Any act of seeing includes a rational interpretation of the seen. The observed object – an object subjected to the process of examination and inspection (motor intention) – finds itself within a subset of sensory perception and rational evaluation. The core of the matter tends to be hidden from view. The gaze slides across the surface and its curves like a “physical act.” Every object can be perceived as its “likeness,” and we can establish a conventional relationship with it, appropriate it through contours, volume, and surface, or draw it into the order of the “known world.” But if the gaze deviates from its established positions, then we see the back side of the image – an area that arouses fundamental questions relating to how and what we actually, truly see and perceive. The result is a moment of shock as we are alienated from the familiar and “mentally ingrained.”
An object that has been removed from its natural context ceases to be a “cultural object.” The artist has liberated its “pictorial trace” (imprint) – and not just “physically,” for it has also been unbound from any more closely definable intentionality. This weakens our ability to read the “message” of the artifact as an “embodiment of meaning.” But the thing that has been truly and primarily weakened is the level of “social intention,” while, on the other hand, a space has opened up for motor intention and for the general potential of perception as such, meaning affordance.
All of the objects that Přibyl places at the center of our attention possess some dominantly oriented function or movement, meaning that this function or movement are the basic “production” characteristics that the object has retained as an integral part of its constitution and surface treatment (funnel, sieve, tub, bushing, radar, chimney, etc.). In fact, these motor determinations, which the objects retain even after having been “consumed,” unbound from the world of the familiar, the useful, the functional, and generally from the world of rational existence, reveal themselves to be something alien or alienated, stripped of clear sense and meaning. Přibyl’s conceptual game involving scalar and technological “derivatives” of original images further increases our skepticism regarding the knowability of what we see and work instead with ambiguous mystification and mimicry (e.g., Dryouts / Foam).
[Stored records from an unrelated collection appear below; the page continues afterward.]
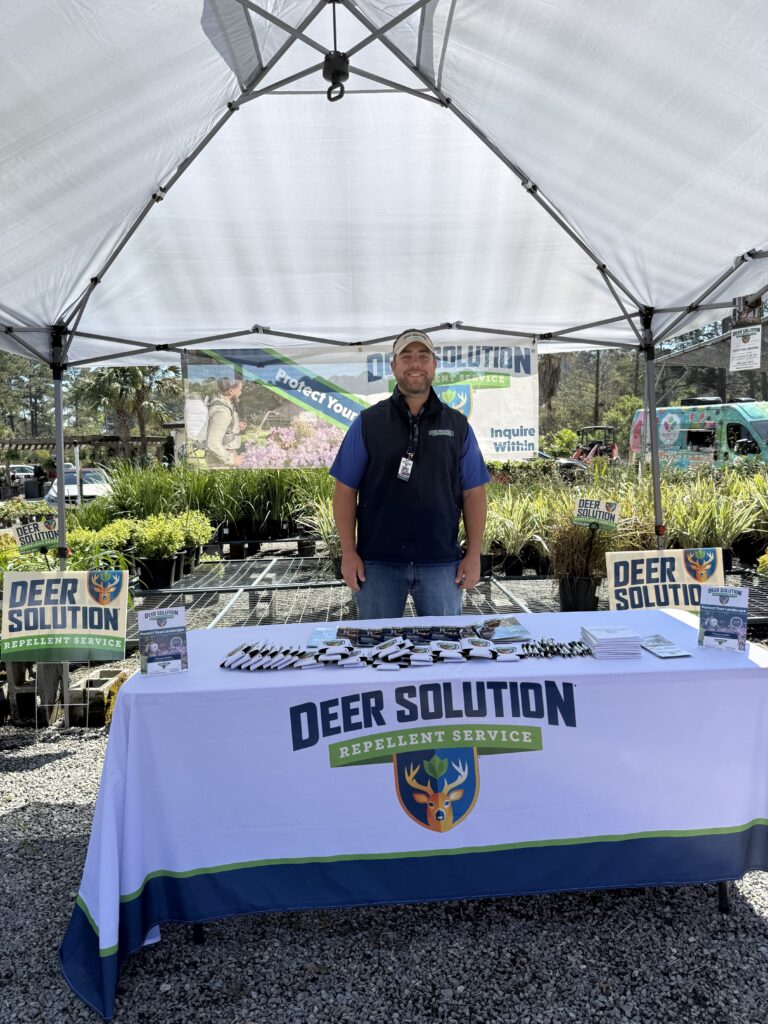 Man in a blue vest stands under a canopy at a Deer Solution promo booth with a table of flyers and pens showing deer logo signs behind him.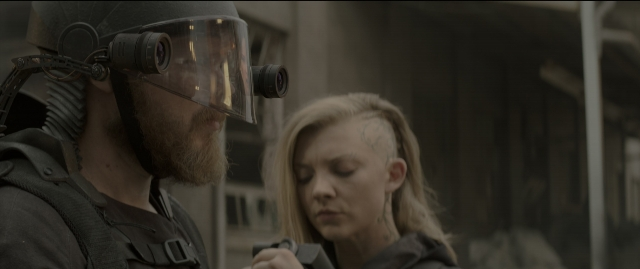 Medium shot frame from The Hunger Games: Mockingjay - Part 1 — standing, hat, hand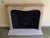 Louis XV carved limestone mantel with a replacement hearth. This mantel was imported from Europe and installed in the...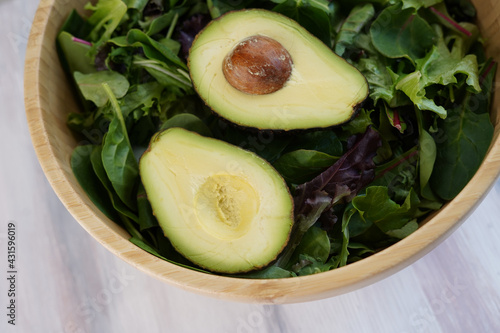 Fresh green organic avocado with salad in a plate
Through model situations, the logic of objects and objective states reveals the outlines of certain constants whose alien nature would appear to be impenetrable and thus unacceptable for our perception. This is one reason why, when talking about his work, Přibyl refers to the hidden resonances of eschatology or the apocalypse, which would appear to be present as a warning not just in all objects and their imprints (traces) but in the very process of perception itself, which is enveloped, broken apart, and disassembled like a moiré pattern by the flip side of what we call “phenomena,” whose crystal-clear permeability is problematized, complicated, and obscured. In the art of Ondřej Přibyl, the beautiful surfaces of strange things hide unfamiliar, unsettling worlds. Or, conversely, alien and confounding worlds present the human perception with objects that put on a seemingly friendly, kind, and welcoming face.